Today, Chris plays a critical role as the Transition Program Manager for the Northwest Seaport Alliance, the cargo partnership between the ports of Tacoma and Seattle. The Alliance serves as the fourth-largest gateway for cargo shipping between Asia and major distribution ports in the U.S. (including 80% of total trade volume from Alaska). As a facilitator of collaboration amongst port industry professionals, Chris applies his networking and communication skills on a daily basis.
His career journey was far from conventional, as he's experienced a wide array of positions across multiple industries, from accounting to the US Navy.
At 25 years old, Chris began his academic life at Tacoma Community College. At that time, he had a family of his own to support and was working two jobs to help fund his college tuition. Shortly after graduating, Chris decided to transfer from TCC to UW Tacoma to further his education.
Upon arriving to UW Tacoma, Chris quickly realized this would be the institution that would provide him with the tools needed to kickstart his career. For Chris, it was the passion of the professors in a dedicated, community-based campus that helped him decide on accounting.

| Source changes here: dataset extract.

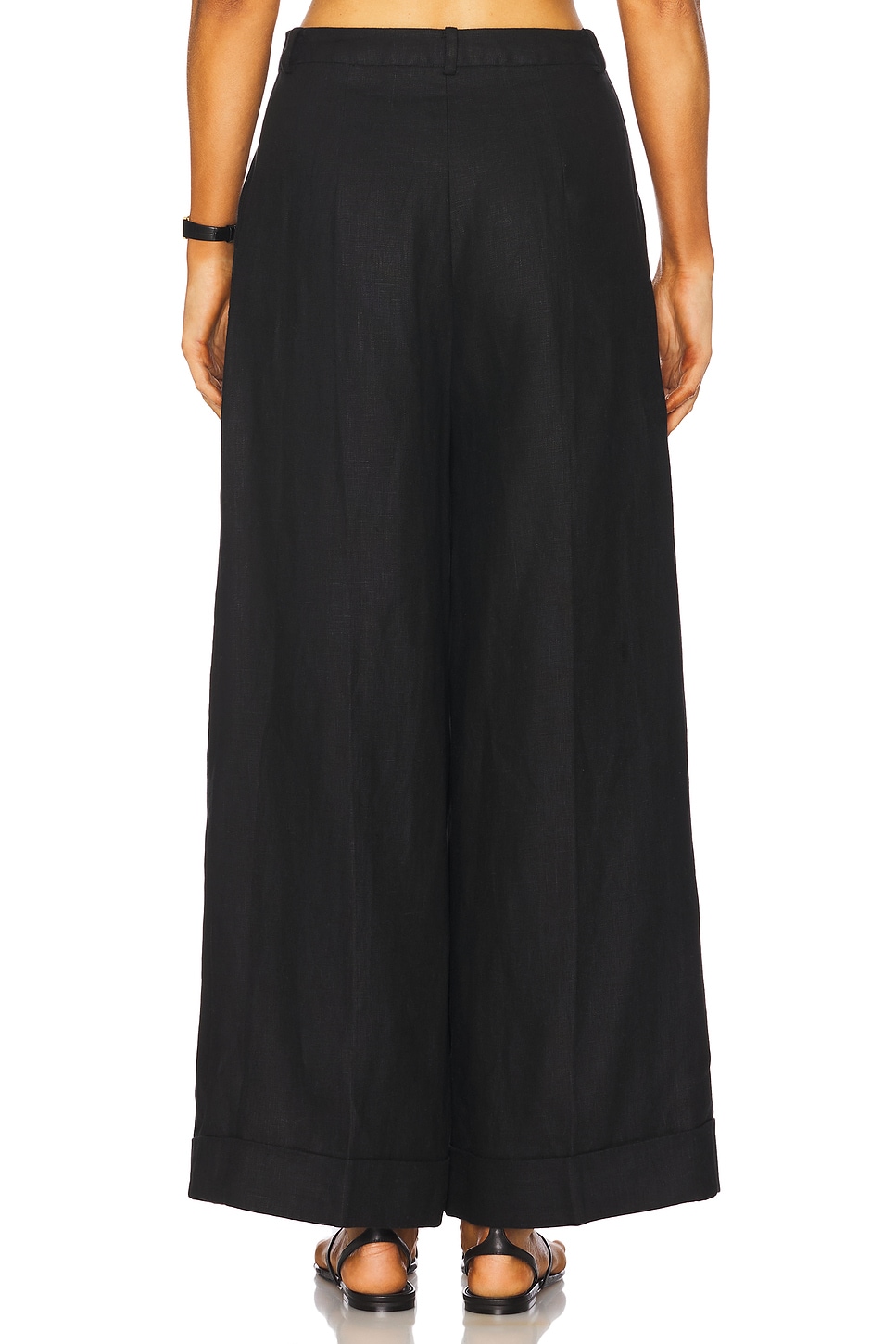 Clove Trouser - Thumbnail 4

Shortly after graduating UW Tacoma, Chris landed a job with KPMG, one of the largest firms in the industry. It was through internal networking at KPMG that Chris realized an opportunity to run accounting operations for a construction firm in the Silverdale area. After years immersed in the accounting world, Chris decided to change his field by becoming an active service member of the United States Navy. After serving his term as an active-duty officer, Chris discovered his current role as the Transition Manager for the Northwest Seaport Alliance. Chris remains a reservist, attributing much of his success in the Seaport Alliance as a result of his Navy experience.
"Networking is so common, yet so uncommonly taken advantage of" Chris stated. Networking is not just about showing up to events but taking full advantage of opportunities to engage with peers, professors, and mentors both on and off campus. He encourages students to not be afraid. Start up a conversation while in line for coffee or go to a campus event and introduce yourself to at least five new people. Often, it's unclear where the most valuable connection will appear.
Chris emphasized that finding a job you love is often based on experiencing things you may not have the same passion for. You won't know what the best fit is until you have a sense of what isn't. Build the path to a successful career by expanding your network and taking advantage of offered resources.